Now we can see a complete example of this "chaining of functions like pipes in a pipeline" analogy in actual Python code:
print(sorted(input()))
This is a complete Python program. It consists of 3 chained function calls. It outputs (via print()
) a list with the sorted (sorted()
) characters of the text that is entered by the user (via input()
). Pretty neat, eh?
It gets more interesting when you learn to define your own functions. In Python, you can do this by using the def
keyword. Here's an example of a new function we can define:
def reverse(text):
return text[::-1]
Here we are using the def
keyword to define a new function. We give our new function a descriptive name, which hints at what the function is meant to be doing - reverse
. Our function takes a single argument - a piece of data (presumably a string) and temporarily gives it the name text
. So whatever actual value we passed into our function, inside the "body" of our function definition that value will be known by the name text
, as if it was a variable. Finally, our function returns the passed in string (text
) reversed. (We used the negative step slicing trick from one of the previous exercises to actually perform the reversal.)

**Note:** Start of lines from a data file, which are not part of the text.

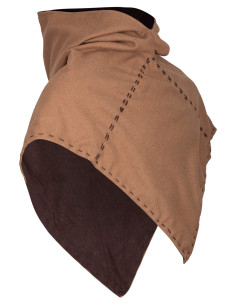 Medieval wool hood in Halaif model, sand color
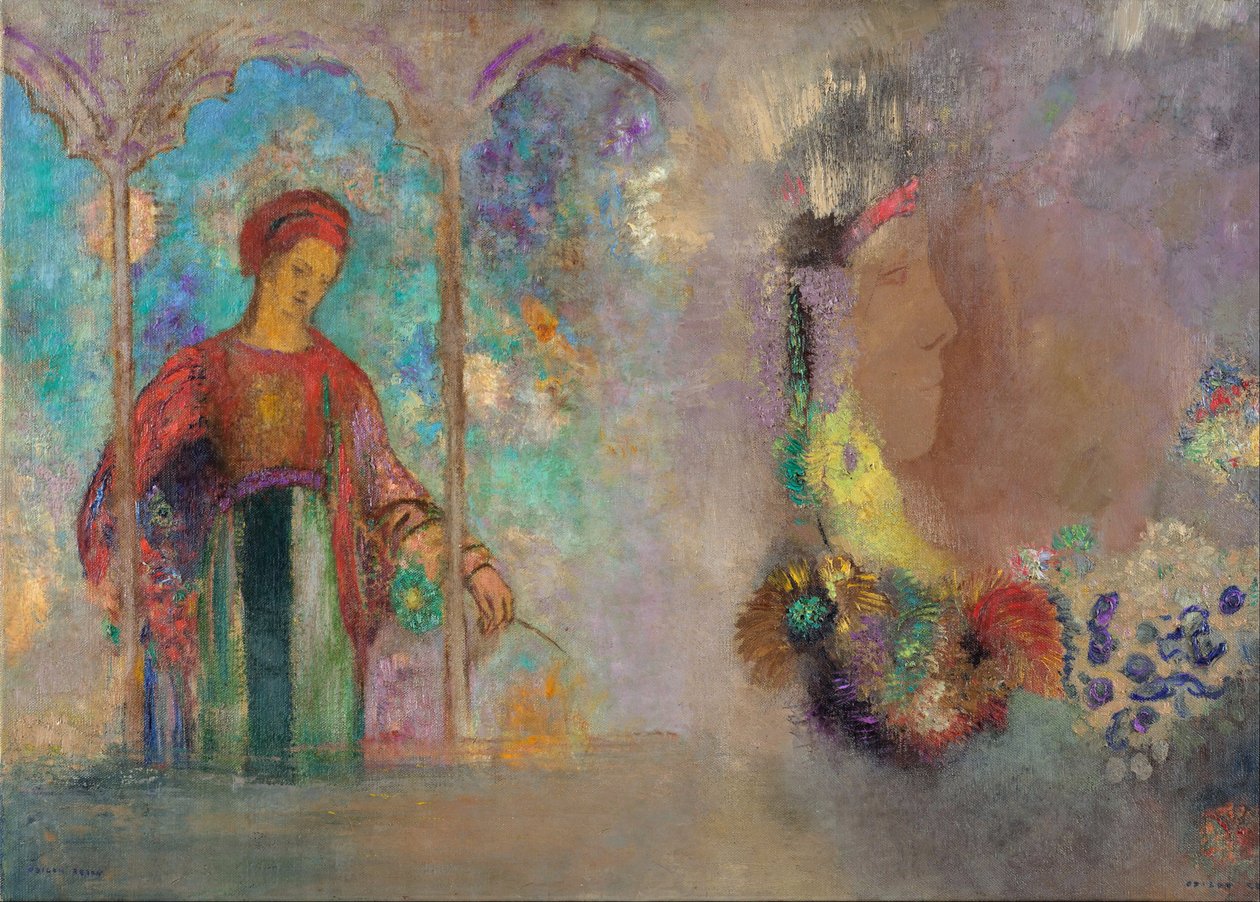 Frau in einer gotischen Arkade - Frau mit Blumen von Odilon Redon
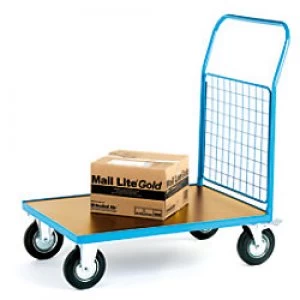 Image of GPC Platform Truck with Single Mesh End Blue Capacity: 500L 4 Castors 800mm x 1050mm x 1200mm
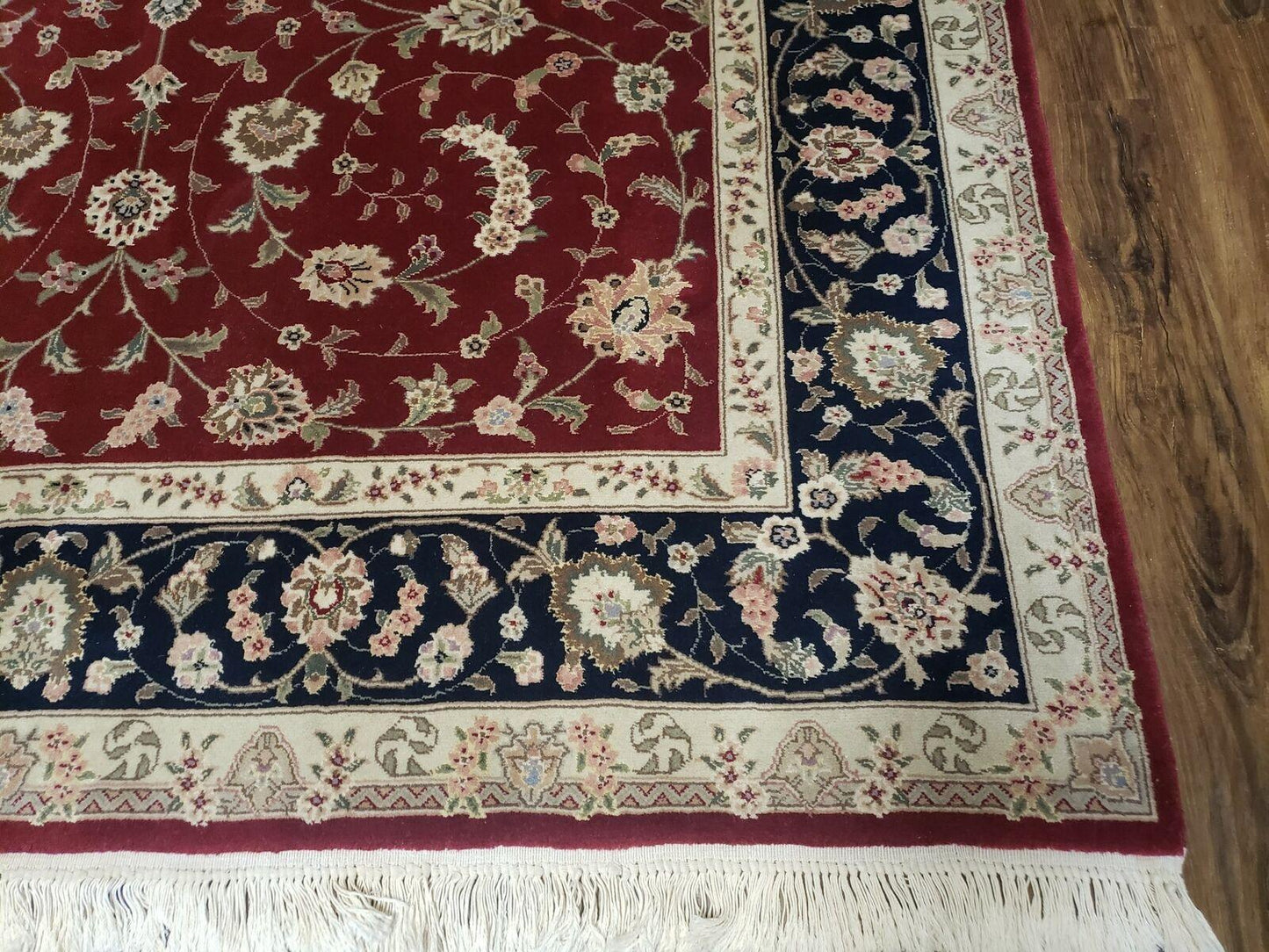 Vintage Oriental Floral Handmade Wool Rug 6x9 Red Vegetable Dyes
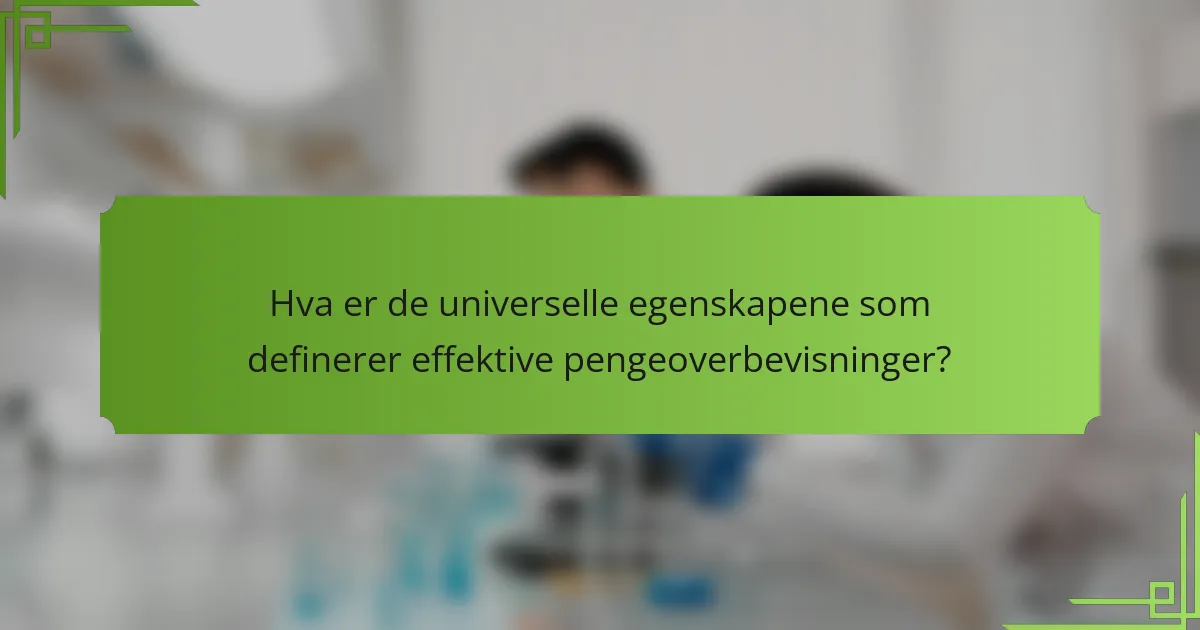 Hva er de universelle egenskapene som definerer effektive pengeoverbevisninger?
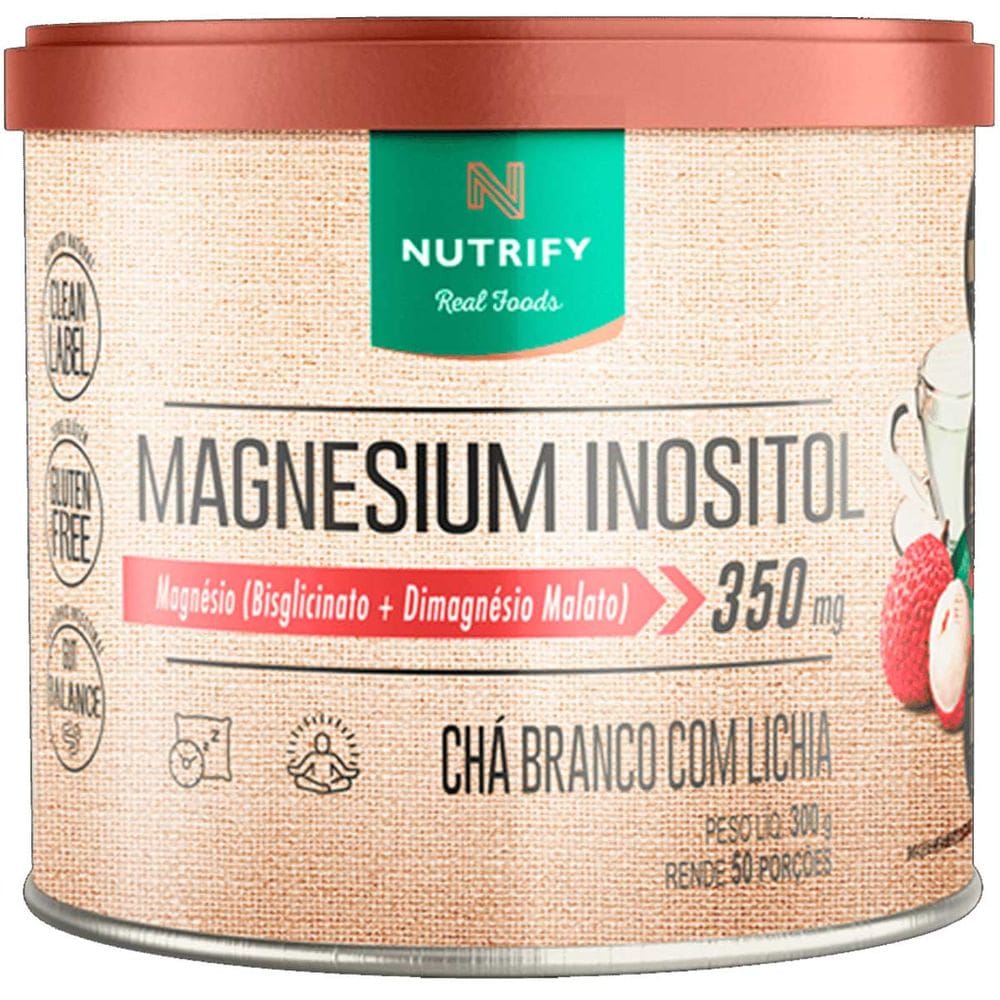 Magnésio Inositol Nutrify Magnesium Inositol 300g Chá Branco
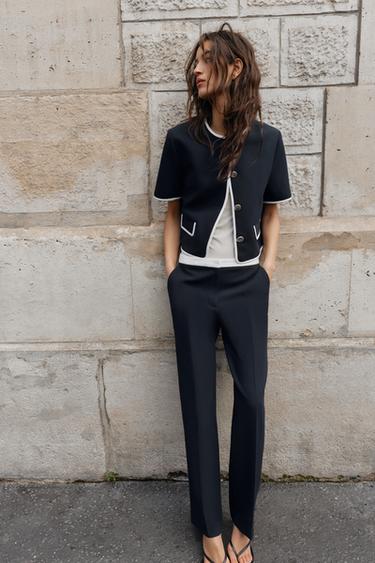 STRAIGHT-LEG TROUSERS WITH CONTRAST WAISTBAND - Navy blue by Zara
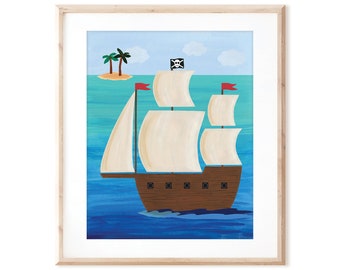 Pirate Ship Sailing by Palm Tree Island - Printable Art from Original Hand Painted Designs - Instant Digital Download - DIY Wall Art Print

So now we have a new function. If we call it with a string argument, e.g. reverse("stressed")
we will get back "desserts".
Take a moment to grab a snack.
Often, when we have a collection of items, we want to be able to go over each of them and do something (e.g. transform each item, or add them together, or count the ones that match a certain pattern). To do this in Python we use a control structure called a for
loop. A loop, in general, is a programming construct for repeatedly applying a certain set of operations. A for
loop goes over each item in a collection and temporarily assigns it to a variable, which you can do things with. Let's illustrate this by creating a function to count all words in a list which start with a certain letter:
def count_words_with(words, letter):
occurrences = 0
for word in words:
if word.startswith(letter):
occurrences += 1
return occurrences
Now we can use our new function like this: count_words_with(['apple', 'banana', 'blueberry'], 'b')
which will return 2.
As you can see, functions are not limited to taking a single argument. They can have multiple arguments. In our new function, the first argument is words
and the second one is letter
. Because their order matters, these are called "positional arguments". You can also have another type of arguments, which have to be explicitly passed in by name. They are called "keyword arguments" and are more flexible, if not as concise as positional arguments. See what you can learn about positional and keyword arguments in Python.
Here are some more questions to research, think about and discuss:
- Other than the
for
loop, which is very convenient for iterating over a collection of items, what other types of loops are there in Python? - What are the rules and conventions for naming Python functions?
- Are variables defined inside a function visible outside of it? (i.e. can you actually access the variable
occurrences
in our sample function above, outside of the function definition?) Conversely, are variables defined outside of a function visible inside of it? - Research the concept of "namespaces" in Python.
- What does the built-in function
locals()
do? - What are "global" variables and how do they work in Python? How can you access the value of a global variable inside a function? How can you modify the value of a global variable inside a function?